The call to guix-data-service-request is equivalent to opening the URL https://data.guix.gnu.org/repository/1/branch/master.json, which executes the same query as the URL https://data.guix.gnu.org/repository/1/branch/master without the .json at the end, but it returns the result in JSON format. Moreover, the function call transforms the JSON into a Guile data structure through the guile-json library; in particular, JSON arrays become Guile vectors and JSON objects become Guile association lists, or alists for short (these are lists of key-value pairs, so brace yourself for lots of parentheses in a row). Thus parsing the result and extracting the information we are interested in amounts to unwrapping these successive layers; in true Scheme/Lisp style we will also usually transform the vectors into lists using the vector->list function. The JSON we asked for is an object with a unique field revisions, which contains an array of revisions, that is, git commits on the master branch; every revision is an object with the three fields date, commit-hash (these are strings) and data_available, a boolean indicating whether the data service has computed the derivations for this commit or not (which corresponds to the green or grey badges on the website). This structure can be derived by looking at and playing with the variables in the REPL, or probably more conveniently by opening the corresponding URL in a web browser, which should show the JSON in a special mode. We can now write a small function (or maybe two even smaller functions) that query the data service and return a list of revisions for which the data service has computed the derivations:

(define (data-available? revision)
  ;; Given a REVISION, check whether it has been treated by the
  ;; data service.
  (assoc-ref revision "data_available"))

(define (get-revisions data-service)
  ;; Query DATA-SERVICE for the list of revisions it has successfully
  ;; treated in the master branch.
  (filter data-available?
    (vector->list
      (assoc-ref
        (guix-data-service-request data-service
          "repository/1/branch/master.json")
        "revisions"))))

(define revisions (get-revisions my-data-service))
revisions
$2 = ((("data_available" . #t) ("commit-hash" . " …

In the following, we will work with revisions in this form, although mainly the commit hashes are of interest. We could print them as follows:

(define commits
  (map (lambda (revision)
         (assoc-ref revision "commit-hash"))
       revisions))
commits
$3 = ("b966f4007c8492ad89eedf32dd91b3352dba594e" "8a1f56cf8710fc142a2f8ef2e52be82e8aa9f53e" …
(length commits)
$4 = 46
(define commit (car commits))
commit
$5 = b966f4007c8492ad89eedf32dd91b3352dba594e

By default the data service returns 100 revisions (including those for which no data is available), which will be amply enough for our purposes.

The next step is to obtain the derivations for a given revision, say the newest one with data available.
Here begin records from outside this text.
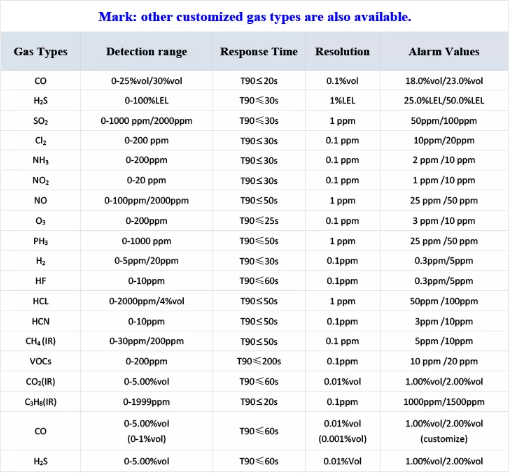 3V Portable Methane Gas Analyzer Explosion Proof With Low Alarm 25% LEL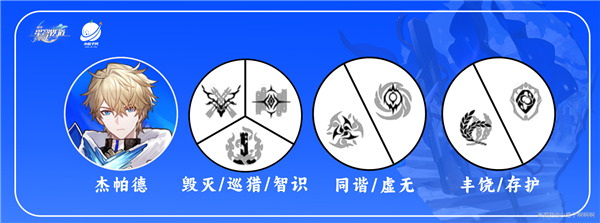 崩壞星穹鐵道|傑德帕陣容配隊推薦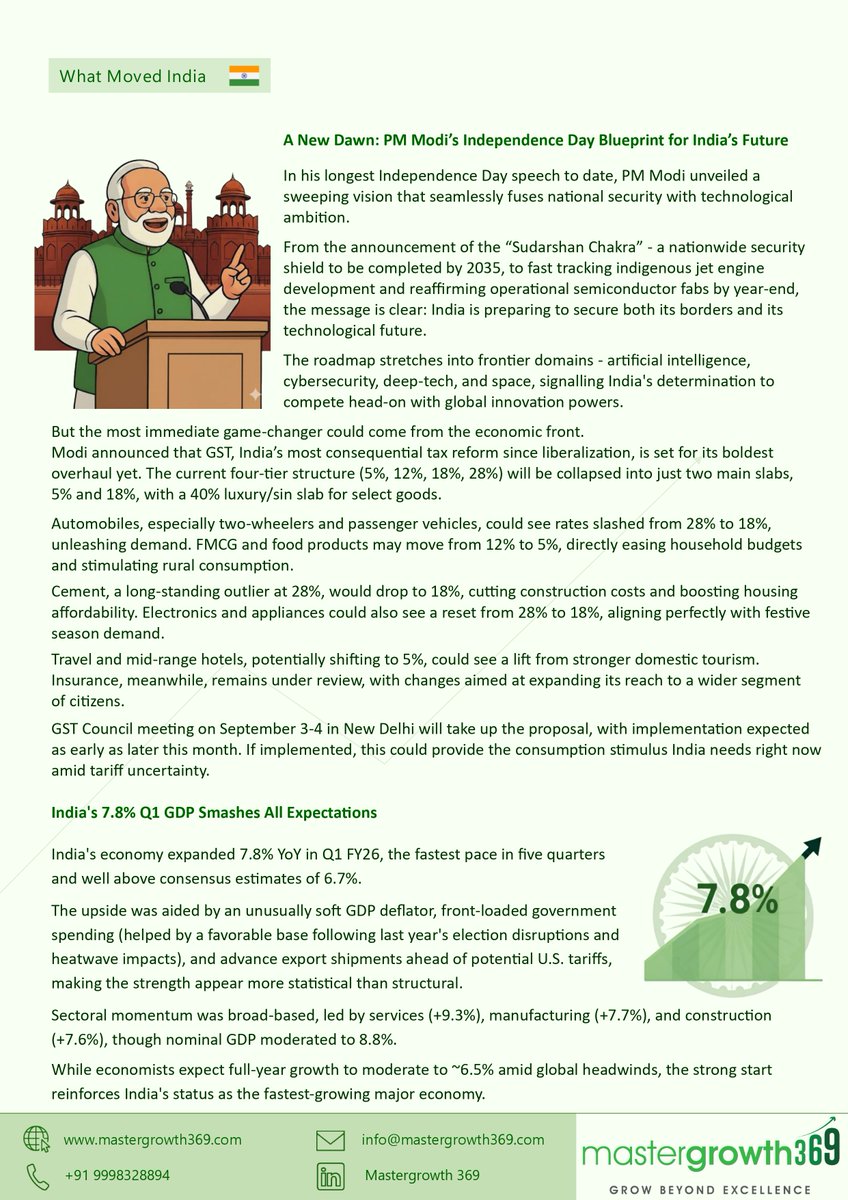 Mastergrowth369's tweet photo. Greetings from Mastergrowth 369!

Our August 2025 Monthly Newsletter is out! 📈
Catch a crisp roundup of India’s market performance, notable market trends, and key developments shaping the investment landscape this month. https://t.co/X7tTsXe5Om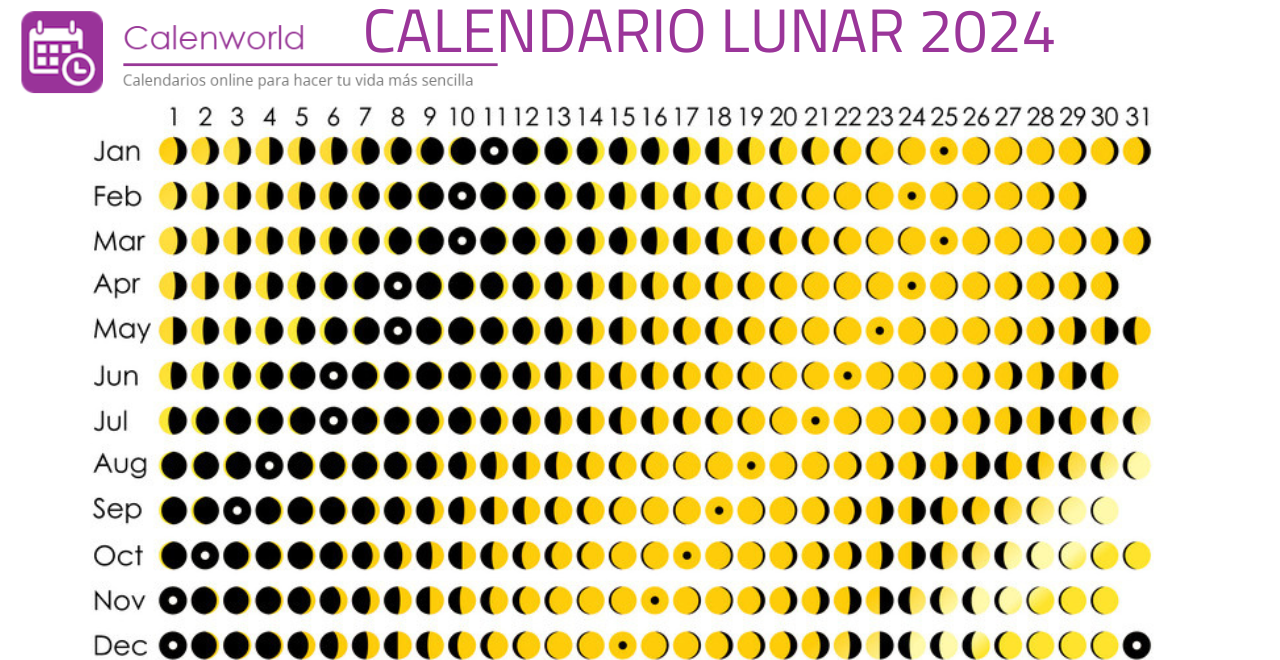Calendario Lunar 2024 Fechas y horarios Calendarios
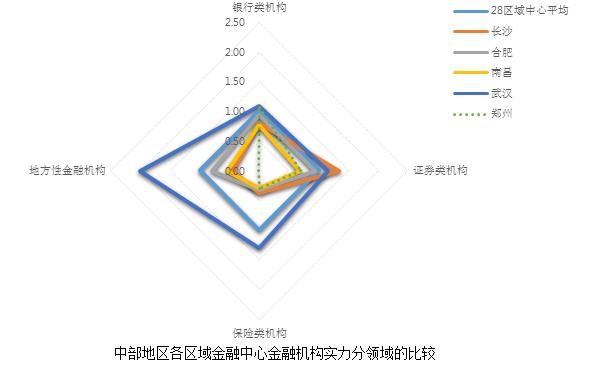 中部城市综合实力,中部地区金融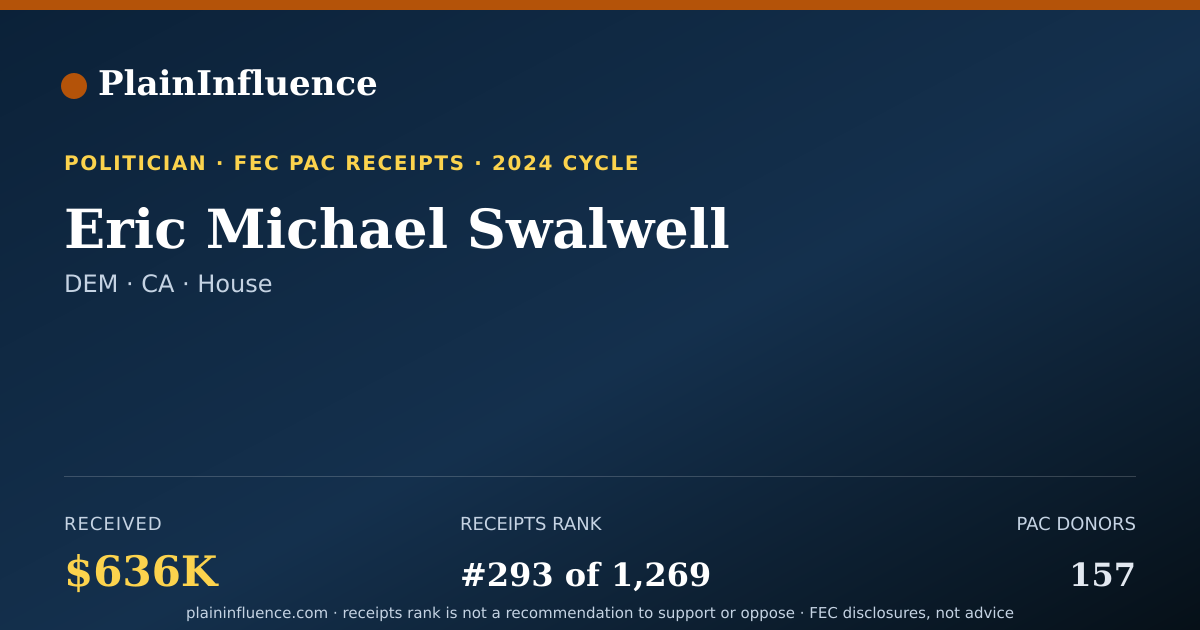 Shareable card for Eric Michael Swalwell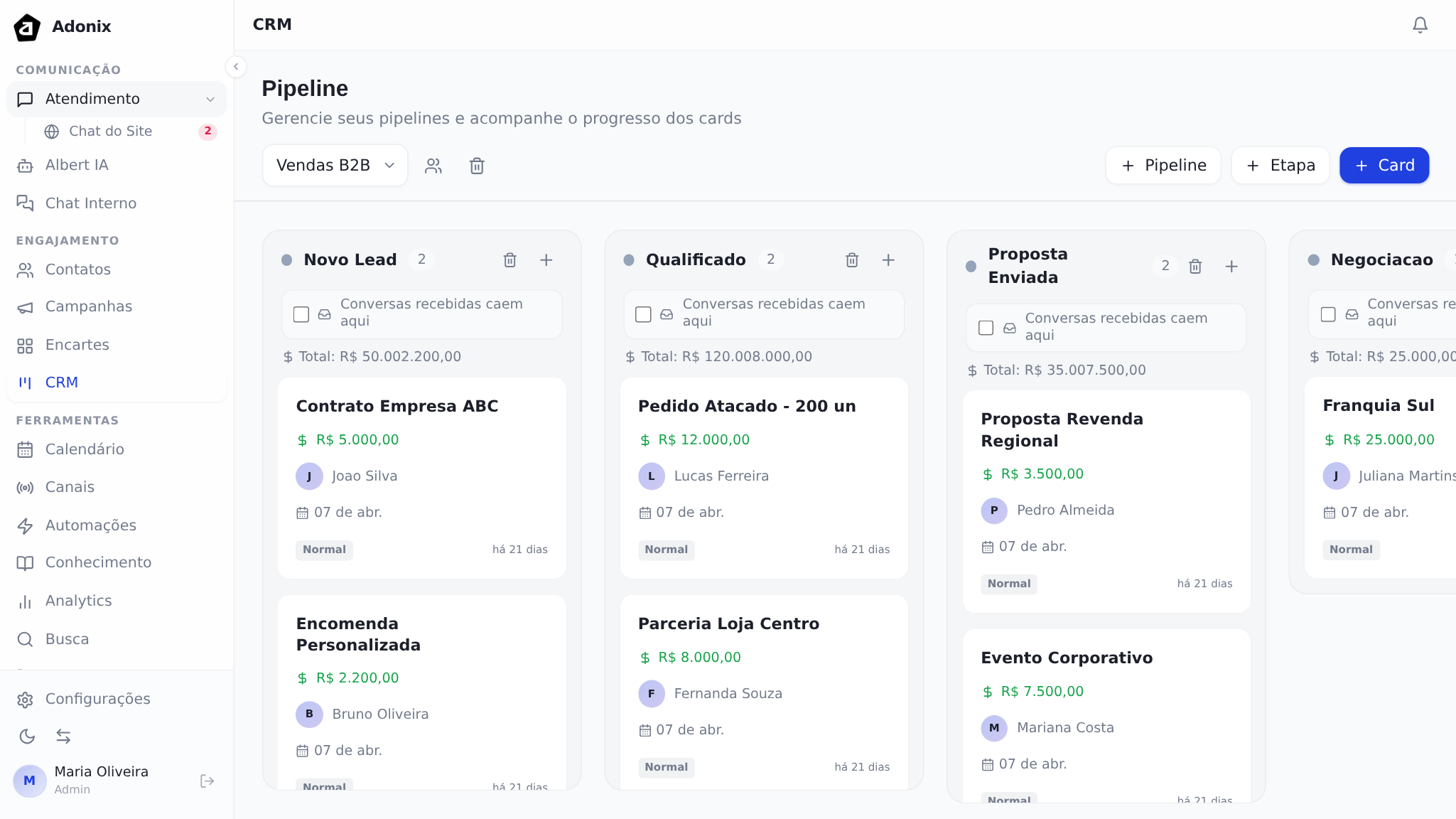Pipeline kanban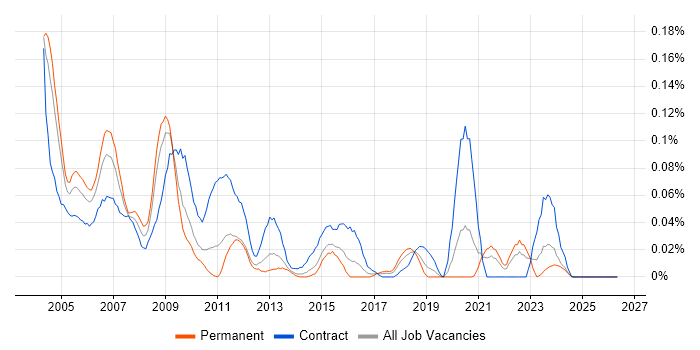 Microsoft Trainer job vacancy trend in the Midlands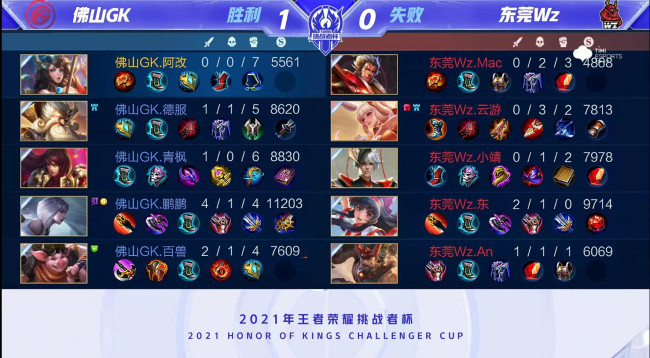 力和比赛心 力和比赛心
Again this is most easily reverse-engineered from the web interface of the data service: Click on the latest revision with a green badge, then on View package derivations; this shows how the URL is to be formed. Since we need all derivations, we also have to tick the All results checkbox; on the other hand, we may limit to one architecture, say x86_64-linux as System, and not consider cross-compilation by choosing (no target) for Target. These choices add GET parameters to the query, which can be passed as an alist for the optional third parameter of guix-data-service-request. Again adding .json to the URL (in front of the ?) shows the structure of the resulting JSON. It is then easy to end up with the following function; notice the use of the quasiquote ` and the unquote ,:

(define (get-derivations data-service commit system)
  ;; Query DATA-SERVICE for the list of derivations for the given COMMIT
  ;; and SYSTEM.
  (map
    (lambda (p)
      (assoc-ref p "derivation"))
    (vector->list
      (assoc-ref
        (guix-data-service-request data-service
          (string-append "revision/" commit "/package-derivations.json")
          `((system . ,system) (target . "none") (all_results . "on")))
        "derivations"))))

(define derivations
  (get-derivations my-data-service commit "x86_64-linux"))
(length derivations)
$6 = 29531
(car derivations)
$7 = "/gnu/store/000lxmn2d17bv2v6znvf6z5vi7ndy8q4-r-janeaustenr-1.0.0.drv"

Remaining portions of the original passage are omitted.